Ogden understood that the Illuminati could represent something far more original than just atheism. Secret societies were frightening because they required a group of foreign invaders whose motives could never be fully known.

It was easy to portray the tightly knit structure of New England’s politics as a largely secret company controlled by some wealthy, well-connected people. Ogden’s conspiratorial accusations were not only made by the Aurora, but spread in sympathetic newspapers from New York to Baltimore. Even some who did not repeat his specific Illuminati allegations accepted his general contempt for the political class of New England – the Richmond tester called Connecticut “Priest Ridden” and “clogged with prejudice”. At republican gatherings across the country, members roasted not only Thomas Jefferson, but also Aurora Editor William Duane (for “His Efforts That secret plans from a smart Aristocracy ”) and to the“ Spiritual Illuminati of New England ”:“ May their ambitious views on the formation of a union between church and state never be realized. “

While Dwight first saw the Illuminati as threat to religion, ogden and the Aurora had successfully transformed it as an unholy union of a secret state religion and the lever of the government.

Ogden had helped create paranoia about organized religion in the early republic that helped make Adam’s reelection fail. In the early days of the Republic, each state determined its own election day, so the 1800 presidential election ran from April to October. When the vote ended, Jefferson had won, though John Ogden no longer saw it – he died in late September. But his job was done.

Was Ogden’s conspiratorial whisper campaign decisive? In a bitter, hard-fought election, too many factors played a role in saying how important the choice was Auroras Part was in all of this. But the Auroras The Illuminati attacks were partially successful because they cooperated with the general attacks against Adams’ attempt to connect the government with religion. After calling for a national day of fasting and prayer in 1799, opponents accused him of trying to establish Presbyterianism as a single dominant religion, fueling fears of a government-mandated belief.

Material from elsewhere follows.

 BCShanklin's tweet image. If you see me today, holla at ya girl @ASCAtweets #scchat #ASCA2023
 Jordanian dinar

Years later, he bitterly complained to Benjamin Rush about the general suspicion “that the Presbyterian Church was ambitious and aimed to be a national church. I was represented as a Presbyterian and at the head of this political and church project. The secret whisper went through all the sects: “Let’s have Jefferson, Madison, Burr, anyone, whether philosophers, deists, or even atheists, and not a Presbyterian president.” Nothing is more feared than the national government, which interferes with religion. ”Ogden revealed a crucial lesson about democracy: once paranoia is unleashed, it is impossible to control and remarkably easy to trace back to its source.

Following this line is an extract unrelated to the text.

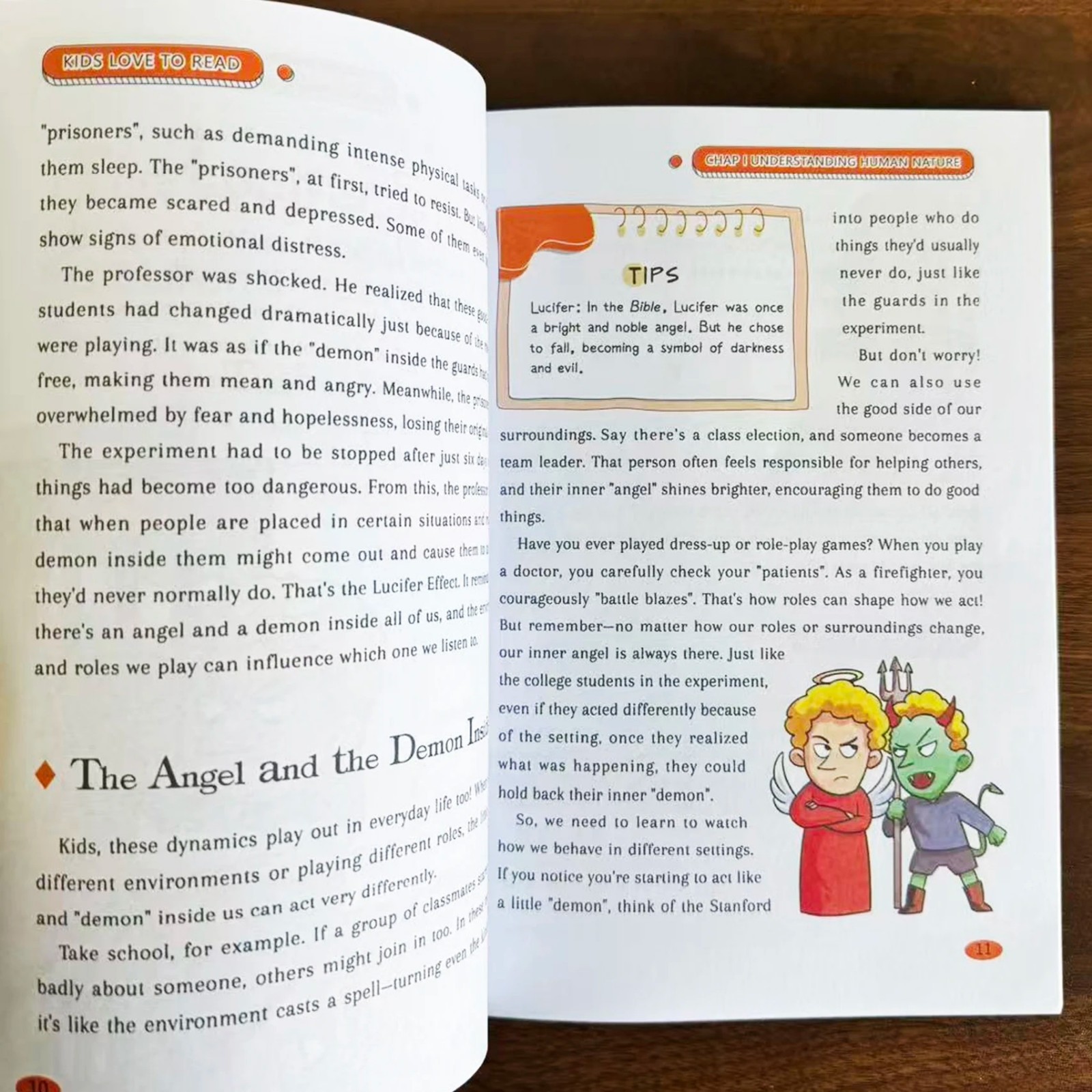 Murphy’s Law Life Principles for Children: A Comprehensive Guide Paperback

In his 1964 essay “The Paranoid Style in American Politics”, Richard Hofstadter stated that American democracy was uniquely vulnerable to conspiracy theories. But what made Hofstadter wrong more than anything else was his belief that such conspiracy theories were a marginal part of American democracy. He ultimately believed that a “responsible elite with political and moral autonomy” could limit these excesses of belief and quarantine them on the fringes of culture. But Dwight, Morse, and their colleagues were never marginal actors, and neither was the Philadelphia Aurora a smaller publication.

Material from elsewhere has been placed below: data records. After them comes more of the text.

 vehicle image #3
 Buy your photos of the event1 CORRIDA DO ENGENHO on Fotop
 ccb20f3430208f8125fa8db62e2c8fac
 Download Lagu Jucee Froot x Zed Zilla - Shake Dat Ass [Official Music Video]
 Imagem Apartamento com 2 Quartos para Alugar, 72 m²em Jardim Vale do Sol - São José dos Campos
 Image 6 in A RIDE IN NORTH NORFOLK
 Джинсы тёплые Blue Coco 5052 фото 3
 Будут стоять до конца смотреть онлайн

More than two centuries later, conspiracy theories did not come from the outskirts, but from media jugglers like Fox News and Sinclair Broadcasting, and from the President of the United States and his allies. American citizens need facts, and media and social media companies must of course act responsibly. However, we may also have to accept that democracy makes us all a little paranoid and be wary of how it affects not only our fellow citizens, but also ourselves.